Prompt
In the listing below, print exactly the lines between the line holding "TWISTED LOGO HOODIE-CHARCOAL" and the line holding "Ornamental Fish Pattern", inclusive, and no more.

---*---

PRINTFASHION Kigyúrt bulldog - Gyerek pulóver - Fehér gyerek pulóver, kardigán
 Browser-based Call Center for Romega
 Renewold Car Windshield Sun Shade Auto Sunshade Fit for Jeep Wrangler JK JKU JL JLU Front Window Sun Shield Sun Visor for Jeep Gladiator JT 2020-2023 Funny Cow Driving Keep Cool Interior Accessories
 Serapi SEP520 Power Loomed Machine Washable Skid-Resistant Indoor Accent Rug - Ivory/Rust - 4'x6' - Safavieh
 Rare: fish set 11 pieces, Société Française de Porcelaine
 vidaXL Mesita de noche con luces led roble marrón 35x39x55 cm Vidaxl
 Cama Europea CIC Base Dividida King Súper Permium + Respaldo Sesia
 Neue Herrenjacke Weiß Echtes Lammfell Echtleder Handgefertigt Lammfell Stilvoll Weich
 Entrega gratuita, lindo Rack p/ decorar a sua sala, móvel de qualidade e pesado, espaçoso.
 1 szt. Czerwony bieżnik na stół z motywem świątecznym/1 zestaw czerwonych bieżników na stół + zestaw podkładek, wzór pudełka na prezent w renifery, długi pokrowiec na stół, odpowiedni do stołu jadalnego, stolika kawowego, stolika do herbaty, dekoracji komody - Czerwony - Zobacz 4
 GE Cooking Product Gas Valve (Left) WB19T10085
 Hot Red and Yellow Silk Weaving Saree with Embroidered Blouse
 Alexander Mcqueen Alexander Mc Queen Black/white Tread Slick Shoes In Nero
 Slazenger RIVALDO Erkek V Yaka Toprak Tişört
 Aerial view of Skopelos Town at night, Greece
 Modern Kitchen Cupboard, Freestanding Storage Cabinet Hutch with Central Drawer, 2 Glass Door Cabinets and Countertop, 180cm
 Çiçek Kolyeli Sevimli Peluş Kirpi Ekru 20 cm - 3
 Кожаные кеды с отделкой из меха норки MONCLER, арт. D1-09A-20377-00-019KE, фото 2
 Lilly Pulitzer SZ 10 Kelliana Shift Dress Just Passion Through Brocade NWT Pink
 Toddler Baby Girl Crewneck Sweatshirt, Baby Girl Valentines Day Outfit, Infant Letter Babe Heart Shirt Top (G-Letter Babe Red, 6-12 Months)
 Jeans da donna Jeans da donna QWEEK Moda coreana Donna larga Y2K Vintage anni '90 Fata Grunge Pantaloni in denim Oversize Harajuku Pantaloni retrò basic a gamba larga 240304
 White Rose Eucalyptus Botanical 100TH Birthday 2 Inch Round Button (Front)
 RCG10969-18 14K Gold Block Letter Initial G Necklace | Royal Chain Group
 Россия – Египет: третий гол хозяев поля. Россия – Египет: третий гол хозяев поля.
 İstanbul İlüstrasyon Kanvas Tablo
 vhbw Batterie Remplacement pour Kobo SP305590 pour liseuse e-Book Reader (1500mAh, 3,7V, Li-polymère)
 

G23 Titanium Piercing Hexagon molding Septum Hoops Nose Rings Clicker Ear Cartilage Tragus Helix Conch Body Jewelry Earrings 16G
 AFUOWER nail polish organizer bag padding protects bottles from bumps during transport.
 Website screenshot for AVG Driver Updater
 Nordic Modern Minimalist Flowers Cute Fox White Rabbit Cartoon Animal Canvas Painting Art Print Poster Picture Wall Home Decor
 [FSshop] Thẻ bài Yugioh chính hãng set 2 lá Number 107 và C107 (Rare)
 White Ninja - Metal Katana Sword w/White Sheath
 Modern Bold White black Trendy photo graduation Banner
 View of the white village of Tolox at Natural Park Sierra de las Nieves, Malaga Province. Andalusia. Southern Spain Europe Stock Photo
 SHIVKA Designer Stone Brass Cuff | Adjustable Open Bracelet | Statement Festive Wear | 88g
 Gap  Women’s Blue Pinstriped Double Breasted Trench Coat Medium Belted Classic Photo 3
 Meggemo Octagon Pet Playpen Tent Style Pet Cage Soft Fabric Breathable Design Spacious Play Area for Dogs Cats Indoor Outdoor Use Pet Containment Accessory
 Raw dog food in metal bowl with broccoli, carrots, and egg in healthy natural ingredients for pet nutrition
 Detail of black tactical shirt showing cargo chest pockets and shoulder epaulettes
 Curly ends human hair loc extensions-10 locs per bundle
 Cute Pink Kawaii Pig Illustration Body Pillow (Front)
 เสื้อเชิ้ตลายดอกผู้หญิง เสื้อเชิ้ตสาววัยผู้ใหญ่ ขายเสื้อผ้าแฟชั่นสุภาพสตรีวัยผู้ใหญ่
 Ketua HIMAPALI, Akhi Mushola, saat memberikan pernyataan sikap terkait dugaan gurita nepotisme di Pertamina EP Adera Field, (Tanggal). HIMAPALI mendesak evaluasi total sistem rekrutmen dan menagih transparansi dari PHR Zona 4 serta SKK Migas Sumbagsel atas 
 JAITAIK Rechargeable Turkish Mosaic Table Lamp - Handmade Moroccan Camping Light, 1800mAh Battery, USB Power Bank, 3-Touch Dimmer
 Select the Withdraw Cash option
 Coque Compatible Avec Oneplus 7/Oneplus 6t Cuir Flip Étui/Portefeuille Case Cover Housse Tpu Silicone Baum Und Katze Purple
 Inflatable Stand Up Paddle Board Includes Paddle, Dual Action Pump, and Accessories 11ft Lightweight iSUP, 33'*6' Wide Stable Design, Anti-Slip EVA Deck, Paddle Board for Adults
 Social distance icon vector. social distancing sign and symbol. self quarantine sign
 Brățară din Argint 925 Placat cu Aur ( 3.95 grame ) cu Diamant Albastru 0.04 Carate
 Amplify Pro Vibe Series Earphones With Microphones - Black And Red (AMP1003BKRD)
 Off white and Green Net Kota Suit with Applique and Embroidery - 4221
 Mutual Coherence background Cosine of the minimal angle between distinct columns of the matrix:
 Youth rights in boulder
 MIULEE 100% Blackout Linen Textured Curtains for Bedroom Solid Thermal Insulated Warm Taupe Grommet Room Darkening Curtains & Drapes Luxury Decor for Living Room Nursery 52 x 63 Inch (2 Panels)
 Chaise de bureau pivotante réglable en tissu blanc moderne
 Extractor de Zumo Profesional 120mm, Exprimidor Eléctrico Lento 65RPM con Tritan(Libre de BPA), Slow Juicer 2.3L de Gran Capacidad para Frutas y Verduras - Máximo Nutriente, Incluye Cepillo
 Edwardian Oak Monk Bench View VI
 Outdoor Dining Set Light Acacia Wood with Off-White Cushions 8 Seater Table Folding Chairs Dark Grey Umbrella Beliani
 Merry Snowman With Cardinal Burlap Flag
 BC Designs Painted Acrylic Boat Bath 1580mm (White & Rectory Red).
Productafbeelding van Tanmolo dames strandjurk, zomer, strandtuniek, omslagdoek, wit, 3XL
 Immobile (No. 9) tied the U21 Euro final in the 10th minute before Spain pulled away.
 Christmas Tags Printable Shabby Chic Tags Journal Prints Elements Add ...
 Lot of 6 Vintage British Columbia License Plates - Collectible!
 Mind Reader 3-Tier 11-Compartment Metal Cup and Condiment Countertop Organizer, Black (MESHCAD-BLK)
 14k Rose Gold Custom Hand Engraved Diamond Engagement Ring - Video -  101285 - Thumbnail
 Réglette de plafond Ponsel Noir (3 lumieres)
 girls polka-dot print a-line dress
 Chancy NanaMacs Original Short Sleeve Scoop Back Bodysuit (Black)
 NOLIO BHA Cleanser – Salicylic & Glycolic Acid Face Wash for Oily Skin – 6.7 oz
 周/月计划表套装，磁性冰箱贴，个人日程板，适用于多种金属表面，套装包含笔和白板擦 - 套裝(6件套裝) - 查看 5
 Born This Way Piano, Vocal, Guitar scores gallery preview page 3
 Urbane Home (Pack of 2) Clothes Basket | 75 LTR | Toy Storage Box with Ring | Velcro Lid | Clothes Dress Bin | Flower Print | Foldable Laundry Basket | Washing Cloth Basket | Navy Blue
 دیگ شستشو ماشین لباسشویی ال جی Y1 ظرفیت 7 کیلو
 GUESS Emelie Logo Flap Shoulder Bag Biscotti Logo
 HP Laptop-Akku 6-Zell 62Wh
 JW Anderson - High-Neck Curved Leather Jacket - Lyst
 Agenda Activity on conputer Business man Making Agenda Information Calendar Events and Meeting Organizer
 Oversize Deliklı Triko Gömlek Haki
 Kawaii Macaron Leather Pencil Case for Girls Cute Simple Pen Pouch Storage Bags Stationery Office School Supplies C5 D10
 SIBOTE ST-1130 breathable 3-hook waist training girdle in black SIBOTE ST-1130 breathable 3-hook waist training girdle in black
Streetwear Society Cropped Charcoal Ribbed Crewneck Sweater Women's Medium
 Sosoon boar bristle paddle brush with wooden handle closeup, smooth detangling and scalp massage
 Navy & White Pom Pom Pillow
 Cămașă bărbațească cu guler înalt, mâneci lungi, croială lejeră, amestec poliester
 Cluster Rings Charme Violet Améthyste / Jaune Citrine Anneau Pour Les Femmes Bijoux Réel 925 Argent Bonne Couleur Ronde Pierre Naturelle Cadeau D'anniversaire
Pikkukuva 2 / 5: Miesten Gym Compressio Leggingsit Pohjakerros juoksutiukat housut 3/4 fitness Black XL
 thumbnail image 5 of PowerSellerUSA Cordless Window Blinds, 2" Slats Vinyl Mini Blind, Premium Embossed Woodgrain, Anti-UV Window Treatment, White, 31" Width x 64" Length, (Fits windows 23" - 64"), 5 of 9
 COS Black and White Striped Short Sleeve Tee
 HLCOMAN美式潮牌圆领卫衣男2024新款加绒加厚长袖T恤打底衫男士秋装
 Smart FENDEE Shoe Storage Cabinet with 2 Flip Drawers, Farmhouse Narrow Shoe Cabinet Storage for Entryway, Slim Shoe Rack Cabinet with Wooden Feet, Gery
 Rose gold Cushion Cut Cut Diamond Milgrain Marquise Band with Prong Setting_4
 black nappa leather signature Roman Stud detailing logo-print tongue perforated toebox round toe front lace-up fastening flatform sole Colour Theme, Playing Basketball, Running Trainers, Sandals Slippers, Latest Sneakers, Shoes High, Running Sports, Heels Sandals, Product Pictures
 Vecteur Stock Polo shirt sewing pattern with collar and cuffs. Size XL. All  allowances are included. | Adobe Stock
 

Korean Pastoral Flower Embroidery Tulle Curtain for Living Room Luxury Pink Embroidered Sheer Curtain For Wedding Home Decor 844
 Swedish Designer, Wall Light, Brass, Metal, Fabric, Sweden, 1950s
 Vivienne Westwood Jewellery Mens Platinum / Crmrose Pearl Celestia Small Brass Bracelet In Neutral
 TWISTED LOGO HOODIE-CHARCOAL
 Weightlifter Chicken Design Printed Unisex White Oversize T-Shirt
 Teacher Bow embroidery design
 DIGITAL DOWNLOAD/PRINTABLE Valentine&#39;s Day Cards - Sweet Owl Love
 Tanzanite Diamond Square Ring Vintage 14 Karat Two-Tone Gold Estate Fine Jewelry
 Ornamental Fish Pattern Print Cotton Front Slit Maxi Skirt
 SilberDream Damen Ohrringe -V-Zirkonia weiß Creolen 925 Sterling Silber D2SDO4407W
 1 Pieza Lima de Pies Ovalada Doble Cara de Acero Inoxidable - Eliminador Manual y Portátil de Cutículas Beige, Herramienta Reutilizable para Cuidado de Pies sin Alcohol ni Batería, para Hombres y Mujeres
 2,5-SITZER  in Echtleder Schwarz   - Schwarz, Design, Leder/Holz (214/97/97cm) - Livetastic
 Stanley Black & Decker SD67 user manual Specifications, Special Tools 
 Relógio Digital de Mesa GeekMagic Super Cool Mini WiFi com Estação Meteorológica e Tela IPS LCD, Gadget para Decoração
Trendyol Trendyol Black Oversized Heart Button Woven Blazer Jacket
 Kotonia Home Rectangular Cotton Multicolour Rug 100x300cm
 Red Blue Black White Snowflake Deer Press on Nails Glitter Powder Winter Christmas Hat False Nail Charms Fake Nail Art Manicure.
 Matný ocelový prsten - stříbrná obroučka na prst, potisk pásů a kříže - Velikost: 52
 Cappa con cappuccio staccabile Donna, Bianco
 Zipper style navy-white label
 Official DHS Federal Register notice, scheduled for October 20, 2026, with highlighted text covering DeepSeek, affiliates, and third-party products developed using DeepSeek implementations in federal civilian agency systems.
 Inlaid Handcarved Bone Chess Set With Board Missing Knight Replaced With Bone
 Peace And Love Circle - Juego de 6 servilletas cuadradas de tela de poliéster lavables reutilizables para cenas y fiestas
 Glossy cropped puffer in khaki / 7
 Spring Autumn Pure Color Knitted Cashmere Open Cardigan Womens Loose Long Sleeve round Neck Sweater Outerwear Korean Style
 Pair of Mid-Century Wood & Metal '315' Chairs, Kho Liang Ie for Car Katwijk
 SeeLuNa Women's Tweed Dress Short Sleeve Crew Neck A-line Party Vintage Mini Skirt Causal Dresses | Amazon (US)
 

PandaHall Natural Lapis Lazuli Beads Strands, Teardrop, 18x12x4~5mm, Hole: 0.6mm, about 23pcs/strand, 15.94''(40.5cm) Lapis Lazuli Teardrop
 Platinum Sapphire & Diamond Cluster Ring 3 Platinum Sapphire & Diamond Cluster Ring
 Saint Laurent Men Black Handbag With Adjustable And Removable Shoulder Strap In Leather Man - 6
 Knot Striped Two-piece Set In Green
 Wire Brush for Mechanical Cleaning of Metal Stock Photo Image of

---*---

The answer
 TWISTED LOGO HOODIE-CHARCOAL
 Weightlifter Chicken Design Printed Unisex White Oversize T-Shirt
 Teacher Bow embroidery design
 DIGITAL DOWNLOAD/PRINTABLE Valentine&#39;s Day Cards - Sweet Owl Love
 Tanzanite Diamond Square Ring Vintage 14 Karat Two-Tone Gold Estate Fine Jewelry
 Ornamental Fish Pattern Print Cotton Front Slit Maxi Skirt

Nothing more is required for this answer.